Stored data START

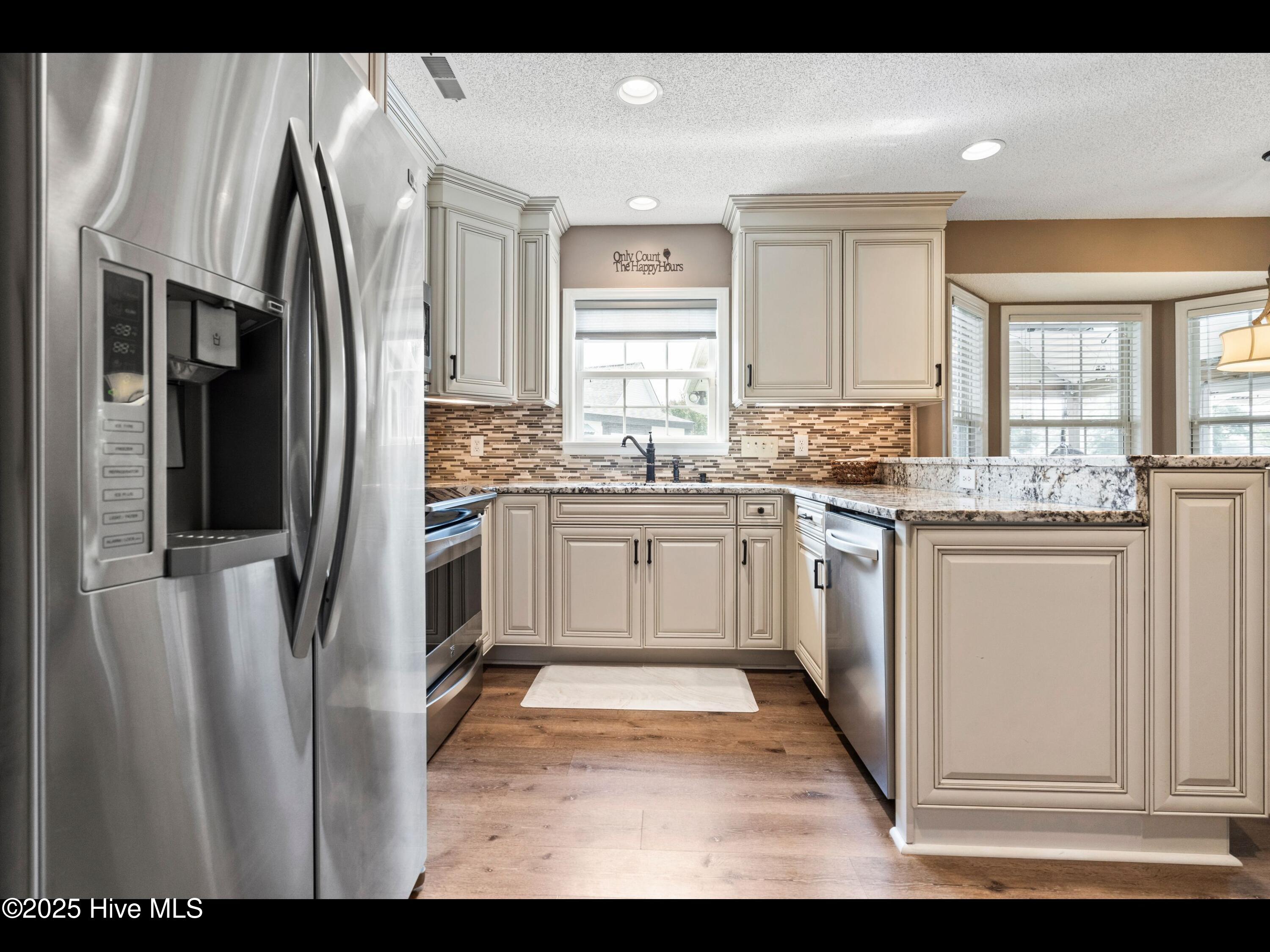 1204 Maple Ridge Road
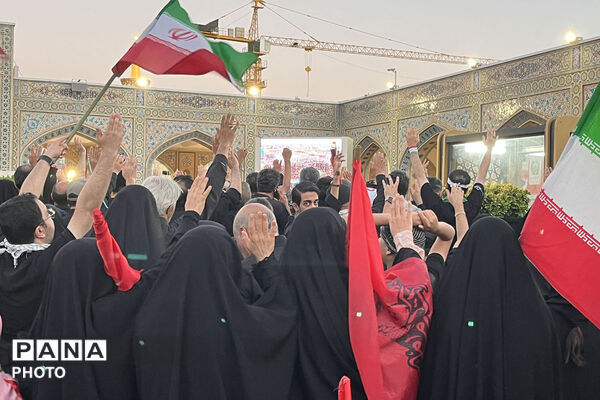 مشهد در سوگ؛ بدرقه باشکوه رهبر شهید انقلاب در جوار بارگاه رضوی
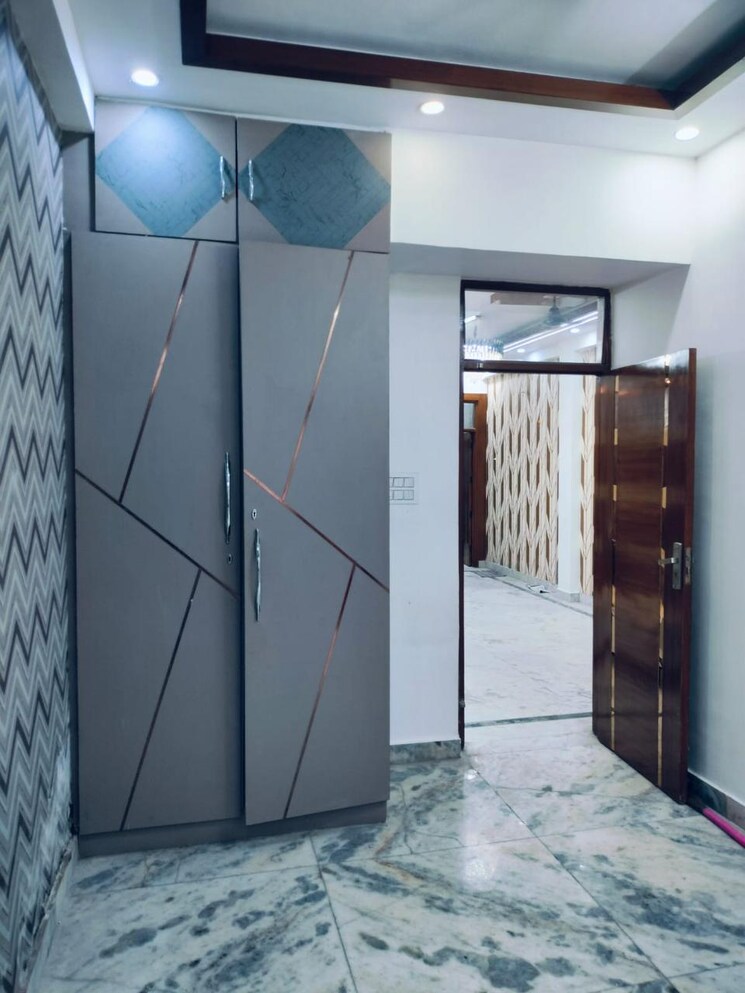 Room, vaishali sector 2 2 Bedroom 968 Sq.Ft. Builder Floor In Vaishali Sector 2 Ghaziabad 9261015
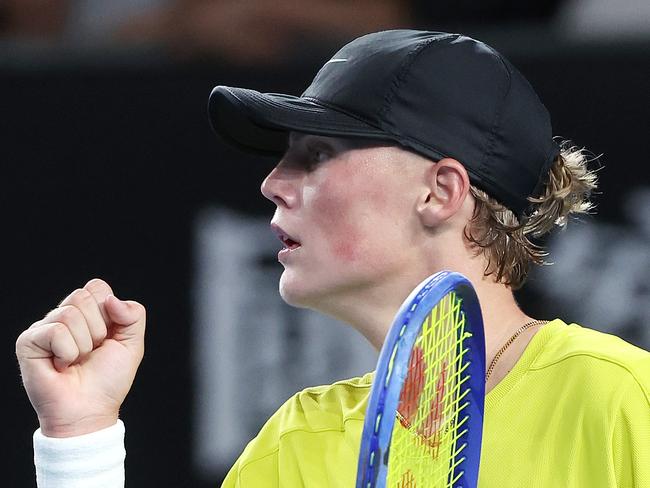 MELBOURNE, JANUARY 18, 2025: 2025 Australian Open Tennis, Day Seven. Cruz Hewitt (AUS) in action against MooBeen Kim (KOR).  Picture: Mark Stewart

Stored data END

Required work
Please copy the data above word for word, but only from the line that contains "Room, vaishali sector" through the final line, both included, and without the pictures.

Task solution
 Room, vaishali sector 2 2 Bedroom 968 Sq.Ft. Builder Floor In Vaishali Sector 2 Ghaziabad 9261015
 MELBOURNE, JANUARY 18, 2025: 2025 Australian Open Tennis, Day Seven. Cruz Hewitt (AUS) in action against MooBeen Kim (KOR).  Picture: Mark Stewart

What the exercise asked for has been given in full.